No one responded to this. In the awkward moment, Cordie flung her spoon across the table and let loose a string of vowels that made both the dogs look up, wondering if they’d missed something. Dellarobia leaned over to retrieve the spoon. “Maybe we should try doing different colors this time,” she proposed. As colorful as Hester was, her dyeing was uninspired. She stuck with the packaged colors, which had alluring names like Amazon and Ruby, but came out plain old green and red. Much like life itself.

“What’s wrong with my colors,” Hester asked, not really asking.

“We could mix it up a little. I’m sure you could blend these powders together to get in-between colors.”

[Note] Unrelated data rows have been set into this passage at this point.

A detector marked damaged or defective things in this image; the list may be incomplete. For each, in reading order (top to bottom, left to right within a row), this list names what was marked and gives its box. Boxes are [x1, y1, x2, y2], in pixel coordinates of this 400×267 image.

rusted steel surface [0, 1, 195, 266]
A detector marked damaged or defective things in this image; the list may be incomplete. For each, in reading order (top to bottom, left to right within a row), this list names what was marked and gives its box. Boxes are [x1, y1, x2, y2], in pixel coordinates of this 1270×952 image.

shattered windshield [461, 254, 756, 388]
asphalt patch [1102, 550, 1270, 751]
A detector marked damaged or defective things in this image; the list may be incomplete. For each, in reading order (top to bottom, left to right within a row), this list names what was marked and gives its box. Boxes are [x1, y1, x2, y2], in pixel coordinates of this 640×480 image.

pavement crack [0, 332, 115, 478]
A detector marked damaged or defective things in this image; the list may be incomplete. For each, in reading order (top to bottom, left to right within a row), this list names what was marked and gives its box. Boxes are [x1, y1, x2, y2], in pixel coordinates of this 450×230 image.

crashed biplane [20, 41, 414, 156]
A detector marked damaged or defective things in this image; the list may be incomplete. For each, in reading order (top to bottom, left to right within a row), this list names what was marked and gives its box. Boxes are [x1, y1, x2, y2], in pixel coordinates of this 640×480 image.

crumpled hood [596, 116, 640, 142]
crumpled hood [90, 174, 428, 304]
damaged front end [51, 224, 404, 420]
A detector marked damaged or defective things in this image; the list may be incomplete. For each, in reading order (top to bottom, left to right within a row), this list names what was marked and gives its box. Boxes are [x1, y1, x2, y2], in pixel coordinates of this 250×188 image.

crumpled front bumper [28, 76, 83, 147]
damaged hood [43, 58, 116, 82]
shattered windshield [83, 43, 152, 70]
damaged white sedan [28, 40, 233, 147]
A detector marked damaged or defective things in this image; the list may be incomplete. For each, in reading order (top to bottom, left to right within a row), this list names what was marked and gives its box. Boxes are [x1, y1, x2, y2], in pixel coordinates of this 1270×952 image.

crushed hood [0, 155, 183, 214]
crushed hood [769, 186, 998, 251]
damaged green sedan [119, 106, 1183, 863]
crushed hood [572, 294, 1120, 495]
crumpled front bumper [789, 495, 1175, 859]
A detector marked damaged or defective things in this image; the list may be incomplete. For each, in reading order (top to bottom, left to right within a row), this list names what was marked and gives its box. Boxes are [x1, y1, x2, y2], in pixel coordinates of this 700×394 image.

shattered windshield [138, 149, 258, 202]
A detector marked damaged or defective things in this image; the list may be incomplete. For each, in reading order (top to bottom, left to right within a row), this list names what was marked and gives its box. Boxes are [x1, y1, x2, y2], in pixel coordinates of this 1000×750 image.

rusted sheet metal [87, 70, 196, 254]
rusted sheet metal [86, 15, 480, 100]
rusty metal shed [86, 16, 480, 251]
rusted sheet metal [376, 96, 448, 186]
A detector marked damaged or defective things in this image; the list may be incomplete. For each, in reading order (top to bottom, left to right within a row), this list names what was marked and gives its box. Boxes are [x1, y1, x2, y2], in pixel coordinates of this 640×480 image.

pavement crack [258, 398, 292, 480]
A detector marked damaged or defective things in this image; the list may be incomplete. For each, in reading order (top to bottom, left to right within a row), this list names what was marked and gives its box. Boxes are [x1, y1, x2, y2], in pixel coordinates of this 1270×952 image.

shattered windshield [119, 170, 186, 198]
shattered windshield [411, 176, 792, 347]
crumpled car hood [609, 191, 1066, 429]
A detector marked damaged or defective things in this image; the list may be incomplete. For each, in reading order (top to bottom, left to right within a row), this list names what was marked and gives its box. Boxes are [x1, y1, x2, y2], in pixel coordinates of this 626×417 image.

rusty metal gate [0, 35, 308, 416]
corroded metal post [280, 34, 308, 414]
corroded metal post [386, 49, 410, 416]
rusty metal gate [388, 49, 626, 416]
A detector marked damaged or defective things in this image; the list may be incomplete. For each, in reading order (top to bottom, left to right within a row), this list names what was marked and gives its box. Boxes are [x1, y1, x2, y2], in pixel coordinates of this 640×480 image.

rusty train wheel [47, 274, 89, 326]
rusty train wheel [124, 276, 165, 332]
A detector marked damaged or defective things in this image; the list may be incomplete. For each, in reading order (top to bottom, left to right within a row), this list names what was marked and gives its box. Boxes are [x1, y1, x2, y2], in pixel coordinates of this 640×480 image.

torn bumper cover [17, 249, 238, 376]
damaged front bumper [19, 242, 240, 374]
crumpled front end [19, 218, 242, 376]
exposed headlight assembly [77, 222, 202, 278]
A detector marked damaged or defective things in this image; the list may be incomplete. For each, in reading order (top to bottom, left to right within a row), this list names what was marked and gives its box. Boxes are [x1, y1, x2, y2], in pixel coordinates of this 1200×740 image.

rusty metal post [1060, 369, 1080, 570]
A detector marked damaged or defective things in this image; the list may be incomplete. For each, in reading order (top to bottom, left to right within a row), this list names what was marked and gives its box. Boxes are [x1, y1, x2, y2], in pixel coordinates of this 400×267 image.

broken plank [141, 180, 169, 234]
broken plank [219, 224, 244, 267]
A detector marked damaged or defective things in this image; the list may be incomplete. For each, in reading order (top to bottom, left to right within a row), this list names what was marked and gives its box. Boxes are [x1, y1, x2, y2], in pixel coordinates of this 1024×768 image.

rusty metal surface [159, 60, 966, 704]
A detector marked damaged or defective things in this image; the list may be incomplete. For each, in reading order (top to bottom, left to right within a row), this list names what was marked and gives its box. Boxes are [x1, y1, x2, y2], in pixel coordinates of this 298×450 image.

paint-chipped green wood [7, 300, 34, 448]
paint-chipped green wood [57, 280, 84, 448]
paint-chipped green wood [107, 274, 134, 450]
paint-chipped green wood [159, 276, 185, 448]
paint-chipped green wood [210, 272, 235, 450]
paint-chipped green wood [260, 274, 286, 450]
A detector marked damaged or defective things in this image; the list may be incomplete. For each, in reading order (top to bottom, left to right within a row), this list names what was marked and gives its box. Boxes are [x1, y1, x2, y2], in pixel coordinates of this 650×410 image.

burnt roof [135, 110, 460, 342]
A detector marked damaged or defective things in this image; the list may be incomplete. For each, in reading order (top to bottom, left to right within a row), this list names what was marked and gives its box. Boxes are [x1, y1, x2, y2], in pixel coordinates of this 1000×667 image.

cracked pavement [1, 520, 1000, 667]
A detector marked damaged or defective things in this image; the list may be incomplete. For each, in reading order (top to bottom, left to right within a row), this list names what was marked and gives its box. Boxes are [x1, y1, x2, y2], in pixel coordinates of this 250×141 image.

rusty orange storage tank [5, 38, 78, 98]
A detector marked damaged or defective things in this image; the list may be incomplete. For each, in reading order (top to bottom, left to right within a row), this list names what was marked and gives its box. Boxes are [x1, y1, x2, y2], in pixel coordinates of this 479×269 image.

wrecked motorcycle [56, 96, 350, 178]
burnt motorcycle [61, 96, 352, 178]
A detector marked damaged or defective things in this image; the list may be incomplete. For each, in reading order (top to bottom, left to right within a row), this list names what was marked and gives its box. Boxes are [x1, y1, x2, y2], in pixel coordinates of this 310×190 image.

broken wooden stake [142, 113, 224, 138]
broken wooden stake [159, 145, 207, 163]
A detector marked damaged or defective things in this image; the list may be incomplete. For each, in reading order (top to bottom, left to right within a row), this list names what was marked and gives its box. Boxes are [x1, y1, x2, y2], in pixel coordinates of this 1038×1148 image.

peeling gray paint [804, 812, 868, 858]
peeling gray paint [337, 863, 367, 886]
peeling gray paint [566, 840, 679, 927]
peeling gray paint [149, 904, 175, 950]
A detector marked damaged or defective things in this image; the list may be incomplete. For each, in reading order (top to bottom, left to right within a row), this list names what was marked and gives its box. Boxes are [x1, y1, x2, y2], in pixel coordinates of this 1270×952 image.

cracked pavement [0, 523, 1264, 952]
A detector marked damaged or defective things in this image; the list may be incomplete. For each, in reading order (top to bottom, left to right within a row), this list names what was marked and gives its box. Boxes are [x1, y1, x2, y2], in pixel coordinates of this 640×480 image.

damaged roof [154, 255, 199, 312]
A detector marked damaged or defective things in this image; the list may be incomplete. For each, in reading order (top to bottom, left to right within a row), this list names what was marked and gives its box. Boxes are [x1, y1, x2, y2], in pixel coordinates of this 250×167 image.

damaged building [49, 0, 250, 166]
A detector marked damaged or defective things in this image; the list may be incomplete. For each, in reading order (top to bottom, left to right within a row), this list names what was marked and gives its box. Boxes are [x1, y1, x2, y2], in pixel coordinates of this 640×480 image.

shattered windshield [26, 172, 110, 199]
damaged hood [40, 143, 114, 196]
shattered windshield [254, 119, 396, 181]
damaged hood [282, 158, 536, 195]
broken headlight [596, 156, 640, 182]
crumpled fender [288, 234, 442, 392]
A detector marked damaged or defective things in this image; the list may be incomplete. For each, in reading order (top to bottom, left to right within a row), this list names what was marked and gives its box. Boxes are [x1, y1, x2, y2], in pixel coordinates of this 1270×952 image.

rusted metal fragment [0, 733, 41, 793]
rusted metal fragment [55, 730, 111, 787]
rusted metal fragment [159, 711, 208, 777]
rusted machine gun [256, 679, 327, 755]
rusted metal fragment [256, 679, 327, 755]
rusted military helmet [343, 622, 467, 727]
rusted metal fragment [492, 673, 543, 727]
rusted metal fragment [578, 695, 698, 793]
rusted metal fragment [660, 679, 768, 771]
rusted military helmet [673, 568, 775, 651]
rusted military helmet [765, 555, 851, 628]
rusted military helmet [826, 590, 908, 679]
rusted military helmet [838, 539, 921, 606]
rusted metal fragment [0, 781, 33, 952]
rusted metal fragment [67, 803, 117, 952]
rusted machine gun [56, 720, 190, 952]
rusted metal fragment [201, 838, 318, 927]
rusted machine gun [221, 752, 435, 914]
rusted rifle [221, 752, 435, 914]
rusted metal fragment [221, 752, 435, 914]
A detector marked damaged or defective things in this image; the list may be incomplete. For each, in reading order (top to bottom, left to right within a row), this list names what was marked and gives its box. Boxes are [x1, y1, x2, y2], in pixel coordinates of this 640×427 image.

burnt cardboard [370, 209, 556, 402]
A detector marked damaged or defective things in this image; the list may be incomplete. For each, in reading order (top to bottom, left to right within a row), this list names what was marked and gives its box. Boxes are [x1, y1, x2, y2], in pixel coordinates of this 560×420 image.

Something between tomatoes and a ladybug, he’d said, touching her hair as if its color alone held exquisite value. Sometimes this still came over her in surprise attacks, the illicit flattery. And all the shame she had to bear, looking back on that, wondering how she’d been taken in. Again. She’d fallen before, never that hard maybe, but that stupidly. Two years ago, the man with sky blue eyes at Rural Incorporated who’d helped her week after week with the Medicaid papers when she was pregnant with Cordie. Before that, the mail carrier, Mike, who sometimes subbed their route. And Cub’s old friend Strickland with the biceps and his own tree-trimming business. She knew there was something wrong with her. Some insidious weakness in her heart or resolve that would let her fly off and commit to some big nothing, all of her own making.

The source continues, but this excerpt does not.